# Outdoor Speaker wire ( long run)



## Stocky (Mar 29, 2010)

Guys,
I want to run speaker wire ,about 100ft probably a little more from my house down to the lake , we need music down there . We have a nice patio area down there that I'm planning on using more this summer. The kids are old enough to hang out down there with us and not get into trouble.
I got my "ball of fire" http://www.govgroup.com/patio-fire-pit-2146234-prd1.htm and I'm ready to party .

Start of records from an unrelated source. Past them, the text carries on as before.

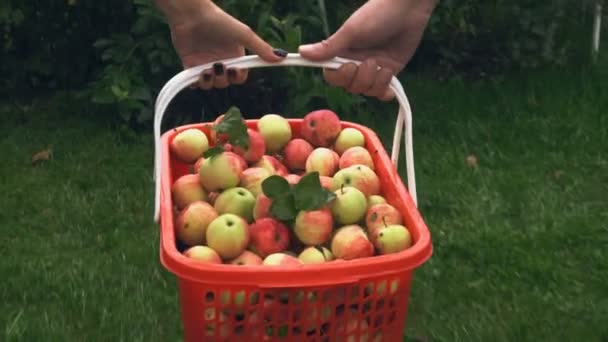 Erntezeit. Tragekorb voller Äpfel — Stockvideo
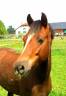 Ponette croisé welsh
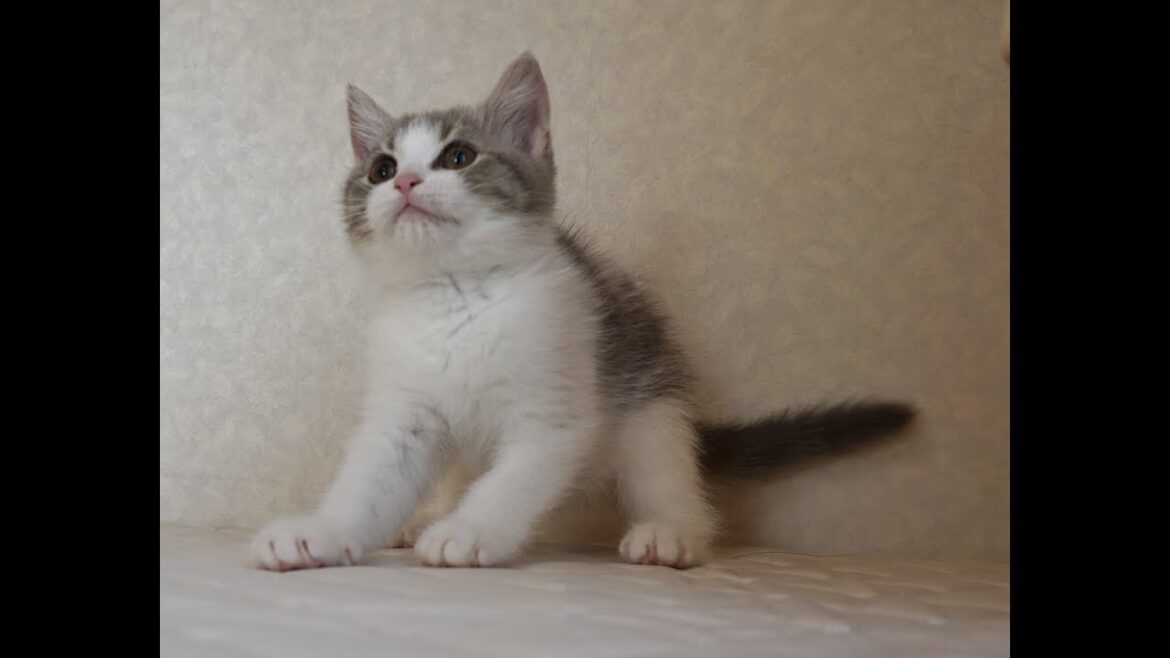 ブリティッシュショートヘアー子猫　British Shorthair　2024.10.1産まれ　ブルータビー&パッチドホワイト　女の子　シーダキャット猫のお店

I'd like to keep it simple .... how should I do this and what grade / type of speaker wire , do I need to put it into conduit ?

Mike


----------



## skeeter99 (Jan 24, 2007)

Stocky said:


> Guys,
> I want to run speaker wire ,about 100ft probably a little more from my house down to the lake , we need music down there . We have a nice patio area down there that I'm planning on using more this summer. The kids are old enough to hang out down there with us and not get into trouble.
> I got my "ball of fire" http://www.govgroup.com/patio-fire-pit-2146234-prd1.htm and I'm ready to party .
> 
> ...


Mike,

The best thing is to get a 12/2 Tray Rated Cable which is specifically designed for outdoor direct burial use. This way you won't need to put it into conduit which will save time and money! They aren't specifically for audio but they are designed for this application type. They are thick and look cool too (the one I'm looking at is .42" in diameter 

If you're interested, drop me a PM and I can get you hooked up. My company sells this stuff and I could probably get you a 100' cut of it for a very good price.

Scott


----------



## Stocky (Mar 29, 2010)

Scott,
Thanks for the offer. Let me speak to my buddy who's an electrician. I'm sure he can get it at a place like Graybar at a descent discount, but I'll keep ya in the loop.


----------



## skeeter99 (Jan 24, 2007)

Stocky said:


> Scott,
> Thanks for the offer. Let me speak to my buddy who's an electrician. I'm sure he can get it at a place like Graybar at a descent discount, but I'll keep ya in the loop.


Yeah, I work for CSC (Communications Supply) so I'll have similar stuff to them. Not trying to sell you anything as I wouldn't mark it up more than absolutely necessary to cover freight. Just trying to help out.


----------